None of these offices could respond to press inquiries from Roll Call for this article because their press shops no longer exist.
“When handling media responsibilities, a spokesperson is responsible for conveying the opinion [or] message of that Representative,” said Salley Wood, a spokeswoman for the House Administration Committee who also handles media requests for the Clerk’s office. “Absent a Representative, there is not a message that needs to be conveyed.”
So all operations become focused on constituent services and handling casework requests.
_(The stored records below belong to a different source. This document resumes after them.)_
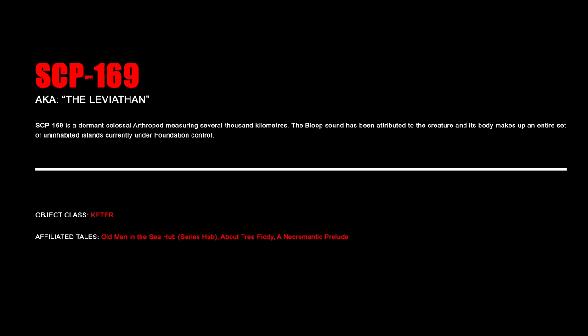SCP-169, The Leviathan. SCP-169 is a dormant colossal arthropod measuring several thousand kilometers. The bloop sound has been attributed to the creature, and its body makes up an entire set of uninhabited islands currently under Foundation control.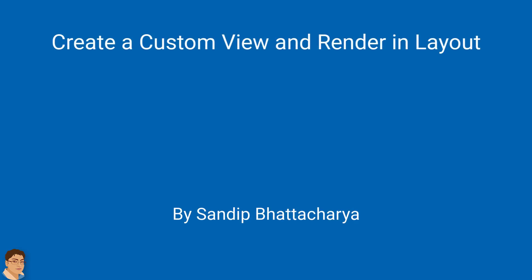Hi, in this video, we will learn how to create a custom view with animation and render that in a layout. I hope you enjoy the video, so let's get started.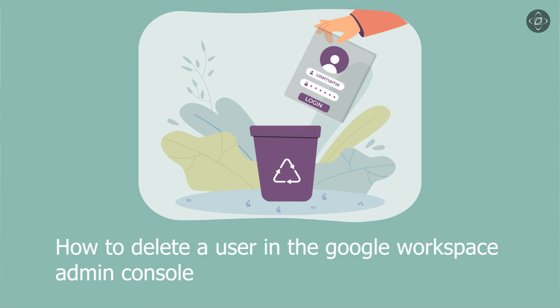Hi everyone, today I am going to show you how to delete a user in the Google Workspace admin console.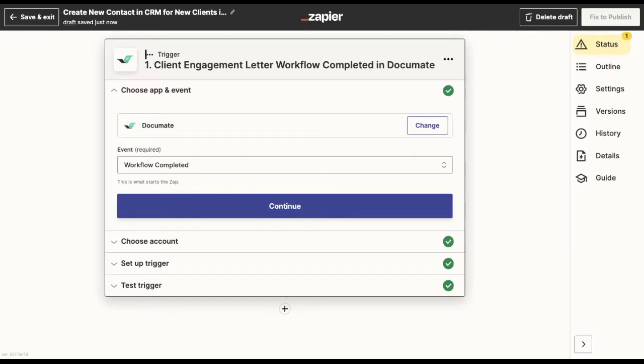When using Documate as a trigger in Zapier, you can also set a condition or a specific set of conditions in order for the next action to take place.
In this way, district offices experience fewer changes in the transition from political to nonpartisan office: They were already making casework and constituent services their top priority.
But in Washington, D.C., where offices prioritize legislative advocacy and have day-to-day activities that typically revolve around a Member’s Congressional schedule and political agenda, the shift requires an adjustment.
“I think that was the hardest part, not being able to advocate for any particular issue once you didn’t have a Member,” said one staffer whose boss resigned in the middle of the legislative session. “It was frustrating for many people at first.”
Everyone becomes part staff assistant, pitching in on fielding constituent calls, responding to casework requests and undertaking administrative responsibilities.
There are always gaps to fill, especially when staffers leave to take positions with other organizations or Capitol Hill offices.
Staffs also have to oversee the office’s “shutdown” — settling outstanding payments and contracts, finalizing inventory and, perhaps the most time-consuming task, archiving years and years of paperwork.
“He was kind of a hoarder,” Matthew Mazonkey said with a laugh of his former boss, the late Rep. John Murtha (D-Pa.), who died while in office after nearly 40 years on Capitol Hill. “It’s no exaggeration — it took three full months to sort through everything.”
Changing Job Duties
The handful of staffers interviewed by Roll Call who have lived through the experience of working for a Member-less office all expressed initial feelings of disorientation following the Clerk’s takeover.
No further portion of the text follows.